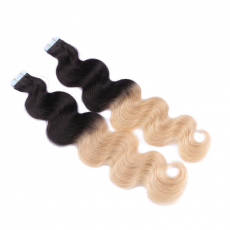 10 x Tape In - 1b/24 Ombre - GEWELLT Hair Extensions -...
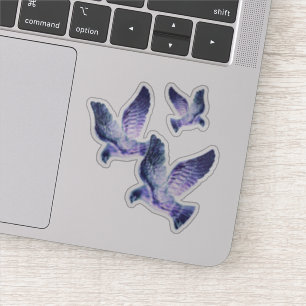 Shining Blue Christmas Doves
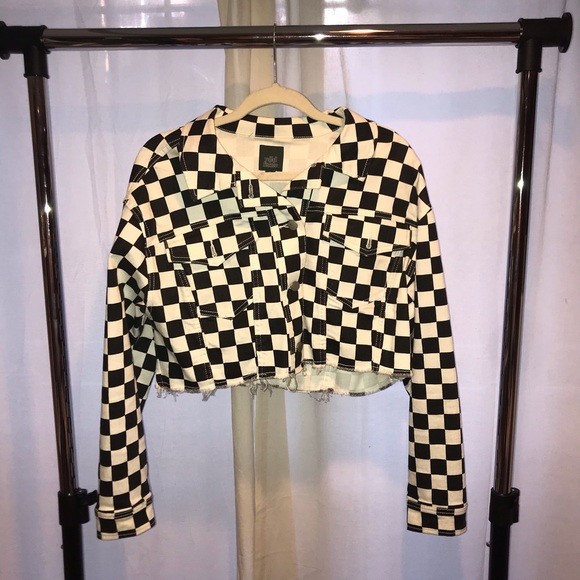 black and white checkered denim jacket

----------------

» AIM OF THE EXERCISE: Please retype the whole of the data precisely, omitting pictures.

» EXPECTED OUTPUT:
 10 x Tape In - 1b/24 Ombre - GEWELLT Hair Extensions -...
 Shining Blue Christmas Doves
 black and white checkered denim jacket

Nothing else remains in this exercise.